Kids for Peace is a global, nonprofit, 501(c)(3) youth organization.  Kids for Peace has over 100 chapters, spanning six continents.

Peace Packs
One of the principal activities of Kids for Peace chapters is sending "Peace Packs" to other children around the world.  Peace Packs are hand-painted knapsacks filled with school supplies, toiletries, a toy, and a personal note of friendship.   Prior to making Peace Packs, Kids for Peace members learn about the culture of the recipients, often from a guest speaker who has lived there.

Peace Hero Awards
Each year, Kids for Peace chooses a Peace Hero, a well-recognized role model chosen by the children of Kids for Peace.  Peace Heroes are selected based on their living by the words of the Peace Pledge, their contribution to making the world a better place and the way they inspire youth to be their best selves.  Past Peace Hero award recipients are Tony Hawk (2009), Rob Machado (2008) and Frances Fisher (2007).  Nominees for the 2010 Peace Hero award are Bindi Irwin, Jane Goodall, Dwayne Johnson and Jack Johnson.

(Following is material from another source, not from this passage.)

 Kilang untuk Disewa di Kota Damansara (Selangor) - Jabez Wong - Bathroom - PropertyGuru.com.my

The Great Kindness Challenge

In 2008 Kids for Peace launched an annual event called The Great Kindness Challenge.  It takes place on the second Saturday in August and is open to youth of all ages.  The Great Kindness Challenge is one day where kids around the world dedicate themselves to performing as many acts of kindness as possible, using a checklist of 50 suggestions.  These acts of kindness range from holding the door open for someone to cleaning up a local park to making sack lunches for homeless people.  In 2009, The Great Kindness Challenge involved at least 35 countries, in six continents.  The next one will be held on August 14, 2010.

Books
Kids for Peace published its first book, Peace Through Our Eyes: A Book of Hope and Inspiration, in 2008.  It features words and drawings by kids responding to the question “What does peace mean to you?”  Fulfilling its intention to make this a biannual project, Kids for Peace is now producing its second book, Wish Big: Children’s Wishes for the World.  This book, to be published by the summer of 2010, will feature children’s drawings answering the question, “What is my wish for the world?”

History
Kids for Peace was founded in 2006 in Carlsbad, California by Danielle Gram, then a high school student, and Jill McManigal, mother of Hana and Bodhi and a children’s playwright and director.

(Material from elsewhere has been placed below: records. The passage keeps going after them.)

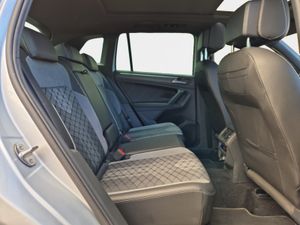 Volkswagen Tiguan 2.0 Tdi 150 Cv Dsg R-line  - Foto 17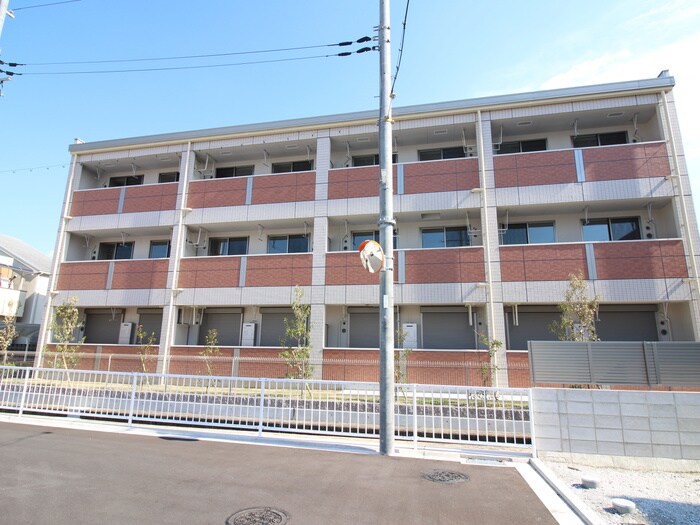 物件外観写真2　(外観写真)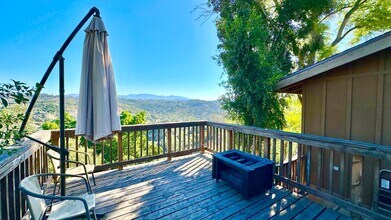 2706 Vía Del Robles in Fallbrook, CA - Building Photo - Building Photo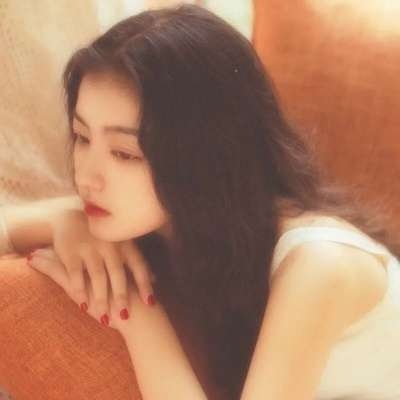崇左伴游女生赵梦琪的资料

Ms. Gram’s work in creating Kids for Peace contributed to her selection as a winner of the Nestlé Very Best in Youth Award in 2007.  Danielle Gram recently graduated from Harvard University and is currently working in Pader, Uganda, teaching life skills to child victims of the Lord's Resistance Army. Ms. Gram's service work and travels can be followed on her blog.

Ms. McManigal, a former elementary school teacher, is now the Executive Director of Kids for Peace.  In November 2009, Ms. McManigal received a Bank of America Local Hero award, recognizing her work through Kids for Peace.

From the initial gathering of neighborhood children in Ms. McManigal’s home, the organization has grown to over 100 chapters worldwide, spanning all six inhabited continents.  Countries as diverse as Australia, Sierra Leone, Bangladesh, the Dominican Republic, Greece and Mongolia are now home to Kids for Peace chapters.